TokensInEstimate int64
TokensOutEstimate int64
}
Stats reports what Compress did. Zero values are meaningful (no matches).
func Compress ¶
Compress reads raw.jsonl entries from r, applies streaming transforms, and writes compressed jsonl to w. Returns Stats describing what was done.
Guarantees (both modes):
- Single pass over r. Surviving entries emit in original order.
- Constant memory relative to session size.
- User turns and header entries are preserved verbatim, always.
Mode-specific behavior:
- ModeConversationOnly (default): assistant turns verbatim; tool entries collapse to compact tool_mark entries with a brief gist; system entries are dropped. Typical reduction 50–80% on real sessions.

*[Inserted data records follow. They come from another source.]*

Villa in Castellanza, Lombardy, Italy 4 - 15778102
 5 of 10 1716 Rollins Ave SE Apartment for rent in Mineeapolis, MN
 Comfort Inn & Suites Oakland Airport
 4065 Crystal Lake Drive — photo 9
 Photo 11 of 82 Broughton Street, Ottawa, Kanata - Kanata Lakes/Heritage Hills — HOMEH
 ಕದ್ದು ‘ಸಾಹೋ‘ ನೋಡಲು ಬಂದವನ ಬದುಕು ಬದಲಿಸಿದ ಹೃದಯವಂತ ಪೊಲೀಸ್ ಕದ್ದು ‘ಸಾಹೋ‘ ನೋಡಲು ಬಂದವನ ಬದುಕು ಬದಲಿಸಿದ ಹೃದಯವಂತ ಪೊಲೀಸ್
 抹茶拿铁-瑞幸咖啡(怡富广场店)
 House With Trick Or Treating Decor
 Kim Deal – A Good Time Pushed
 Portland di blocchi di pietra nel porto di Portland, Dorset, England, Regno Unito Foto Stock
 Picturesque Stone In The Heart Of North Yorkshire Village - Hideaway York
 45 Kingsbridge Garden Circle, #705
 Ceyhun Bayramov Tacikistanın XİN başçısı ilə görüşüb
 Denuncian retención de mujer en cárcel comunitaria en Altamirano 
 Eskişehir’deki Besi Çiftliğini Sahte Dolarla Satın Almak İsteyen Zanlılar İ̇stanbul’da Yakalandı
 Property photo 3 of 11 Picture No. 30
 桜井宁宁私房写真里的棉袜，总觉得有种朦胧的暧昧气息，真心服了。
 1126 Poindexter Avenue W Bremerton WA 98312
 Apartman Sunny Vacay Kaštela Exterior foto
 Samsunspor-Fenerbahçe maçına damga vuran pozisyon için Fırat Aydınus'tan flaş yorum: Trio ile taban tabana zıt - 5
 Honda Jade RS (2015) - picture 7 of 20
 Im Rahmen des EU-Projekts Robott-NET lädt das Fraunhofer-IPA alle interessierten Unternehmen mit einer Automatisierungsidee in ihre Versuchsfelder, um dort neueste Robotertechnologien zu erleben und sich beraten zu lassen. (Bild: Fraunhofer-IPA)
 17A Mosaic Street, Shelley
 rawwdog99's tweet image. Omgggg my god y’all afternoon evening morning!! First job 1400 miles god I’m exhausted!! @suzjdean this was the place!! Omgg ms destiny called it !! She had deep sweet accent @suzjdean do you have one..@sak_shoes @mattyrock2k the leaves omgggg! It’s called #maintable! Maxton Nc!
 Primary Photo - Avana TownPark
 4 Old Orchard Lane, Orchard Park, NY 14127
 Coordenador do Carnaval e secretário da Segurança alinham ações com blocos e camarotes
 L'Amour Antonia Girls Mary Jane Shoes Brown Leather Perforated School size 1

- ModeLossless: every entry preserved; content-level transforms only (ANSI strip, image elision, dedup, etc.).
func CompressWith ¶
CompressWith is Compress with tunable options.
func (*Stats) Add ¶
Add accumulates other into s. Useful for aggregating across many sessions (e.g., a daemon summarizing a nightly batch).
func (Stats) LogValue ¶
LogValue implements slog.LogValuer. Enables callers (CLI, daemon) to emit single-line key=value compression telemetry with:
slog.Info("token_optimize", "stats", stats)
func (Stats) Reduction ¶
Reduction returns bytes saved and percentage. Safe to call when BytesIn is 0.
func (Stats) TokenReduction ¶ added in v0.7.2
TokenReduction returns estimated tokens saved and percentage. The cost dashboard wants this — bytes are a proxy, tokens are the actual LLM cost. Code-heavy sessions tokenize at a different ratio than prose-heavy ones, so byte-percentage trends mislead operators on cost.